Segment Open

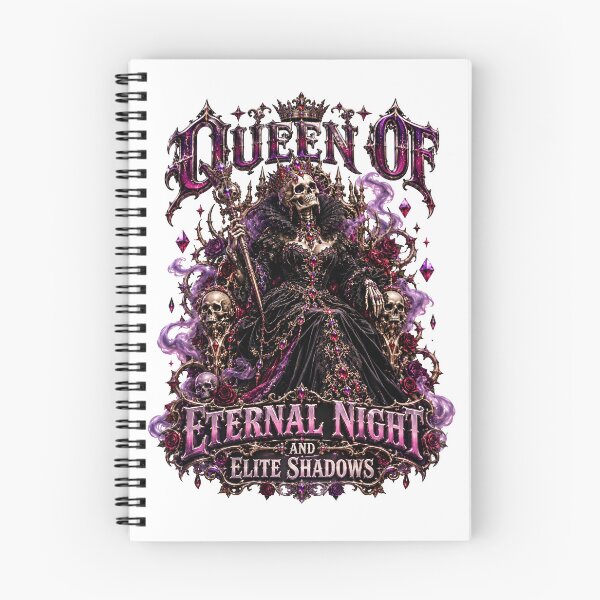 Item preview, Queen of Eternal Night Gothic Skeleton Throne designed and sold by Sovereign Supply Co..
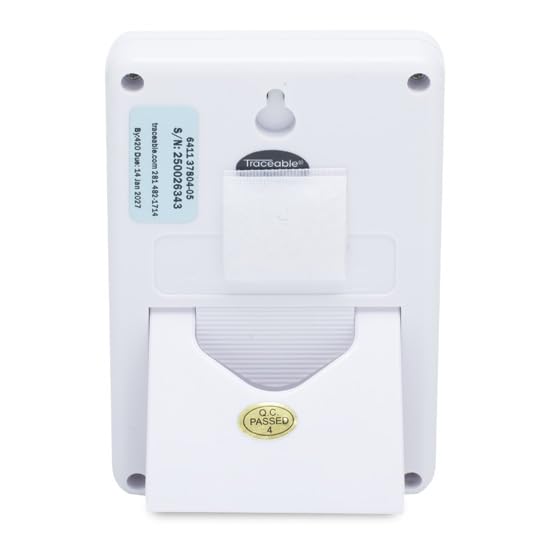 Traceable High-Accuracy Refrigerator/Freezer Digital RTD Thermometer: 1 Bullet Probe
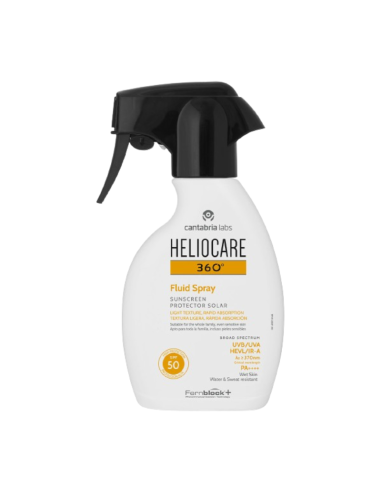 HELIOCARE 360º FLUID SPRAY SPF 50 250ML
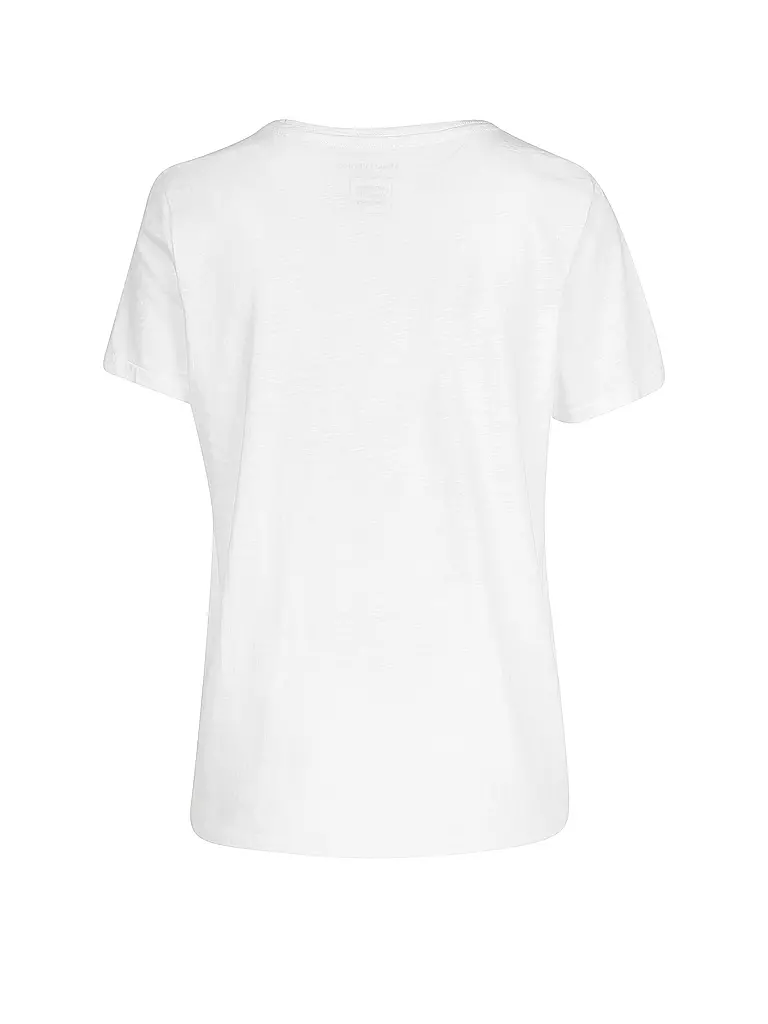 MARC O'POLO | T Shirt  | weiß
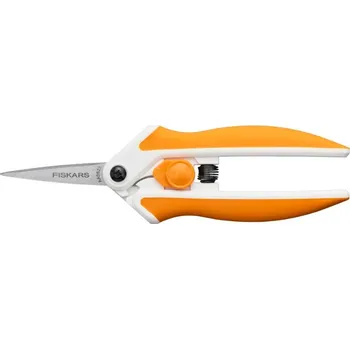 Krejčovské nůžky Pružinové nůžky na nitě Fiskars Premier EasyAction 15 cm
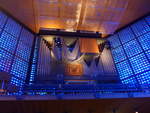 berlin-2/581303/183483---orgel-in-der-neuen (183'483) - Orgel in der neuen Kirche bei der Kaiser-Wilhelm-Gedchtniskirche am 11. August 2017 in Berlin
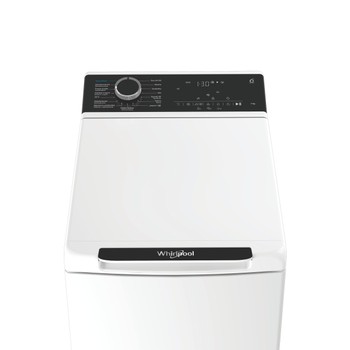 Whirlpool Práčka Voľne stojace TW721DBSWCS Biela Zhora plnená A Control panel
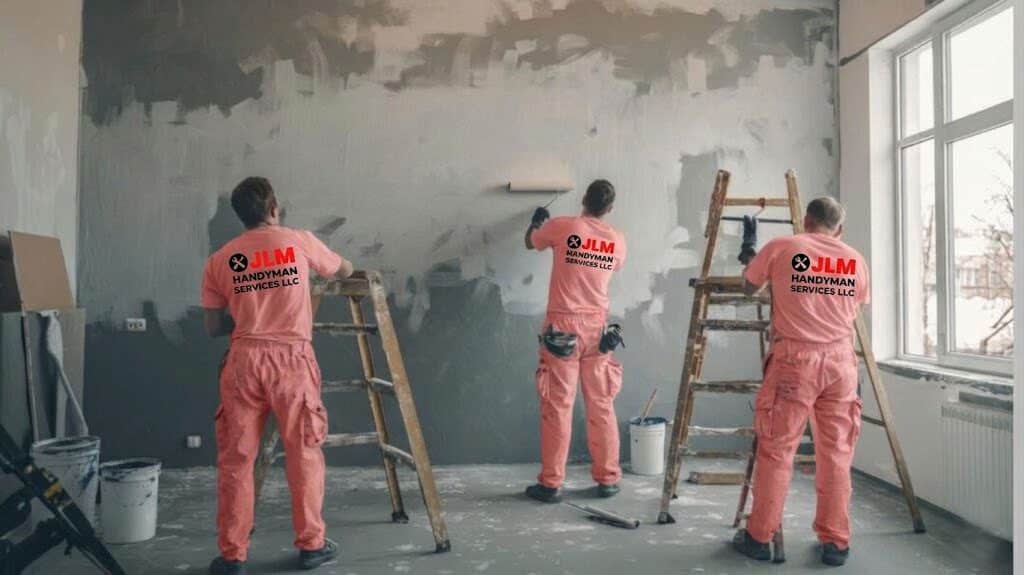 Wall Repair Service in Germantown
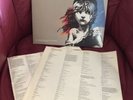 Cameron Mackintosh Les Miserables 2 LP EX VINYL ORIG 1985 EX COVER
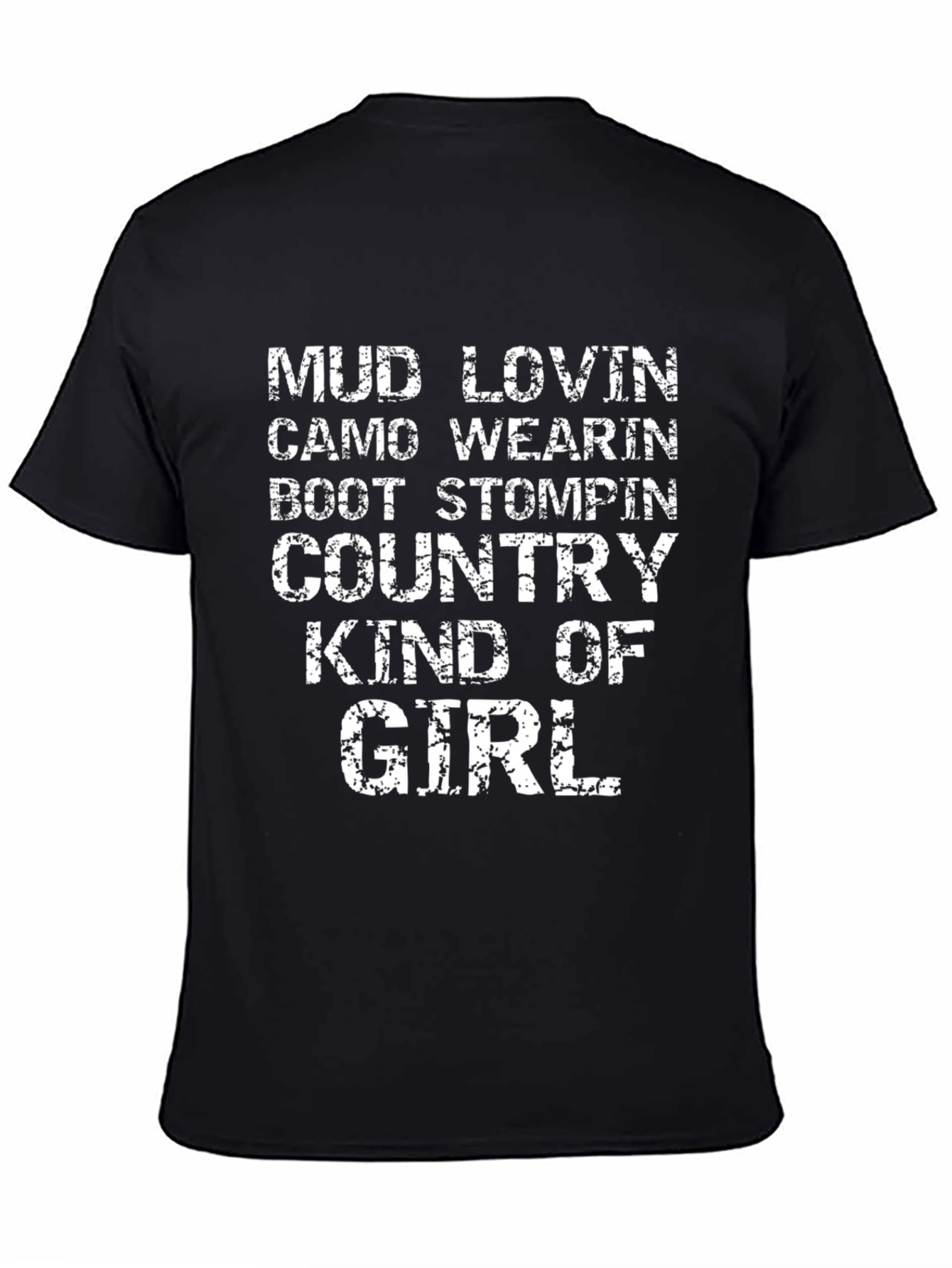 Mud Lovin' Country Girl Graphic T-Shirt - 4
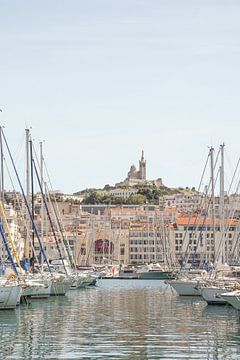 De Haven van Marseille - Zuid Frankrijk Fotografie van Henrike Schenk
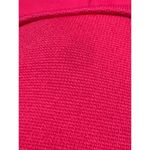 Tibi  Midi Red Open Back terry Sweatshirt Dress small Photo 10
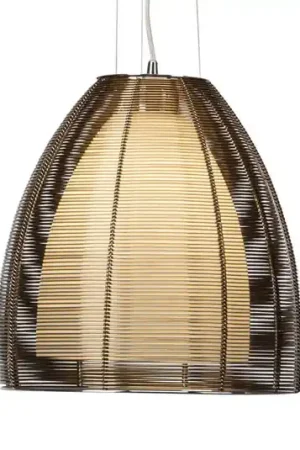 Miglior Prezzo Relax - lampada a sospensione di stile, bronzo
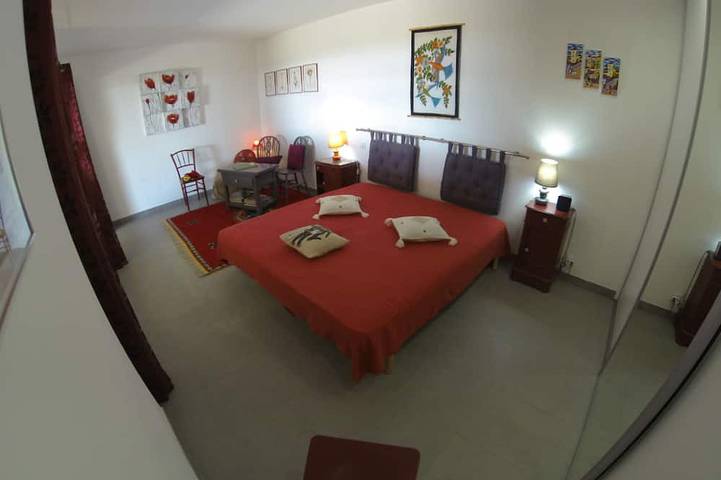 Appartement entier, Appartement en Rdj indépendant  ds villa  Ste Lucie de Porto Vecchio classé 3 * in Zonza, Arrondissement de Sartène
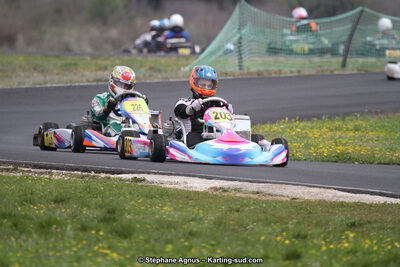 07 & 08/04/2018 : 2ème manche du Championnat du Sud 2018 à Ganges (Photos Stéphane Agnus) 2018 — karting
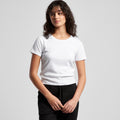 Wo's Organic Rib Baby Tee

Segment Closed

▸ Task prompt: Reproduce exactly, without any picture, the lines from the one bearing "Whirlpool Práčka Voľne" to the last line of the records above.

▸ Task answer:
 Whirlpool Práčka Voľne stojace TW721DBSWCS Biela Zhora plnená A Control panel
 Wall Repair Service in Germantown
 Cameron Mackintosh Les Miserables 2 LP EX VINYL ORIG 1985 EX COVER
 Mud Lovin' Country Girl Graphic T-Shirt - 4
 De Haven van Marseille - Zuid Frankrijk Fotografie van Henrike Schenk
 Tibi  Midi Red Open Back terry Sweatshirt Dress small Photo 10
 Miglior Prezzo Relax - lampada a sospensione di stile, bronzo
 Appartement entier, Appartement en Rdj indépendant  ds villa  Ste Lucie de Porto Vecchio classé 3 * in Zonza, Arrondissement de Sartène
 07 & 08/04/2018 : 2ème manche du Championnat du Sud 2018 à Ganges (Photos Stéphane Agnus) 2018 — karting
 Wo's Organic Rib Baby Tee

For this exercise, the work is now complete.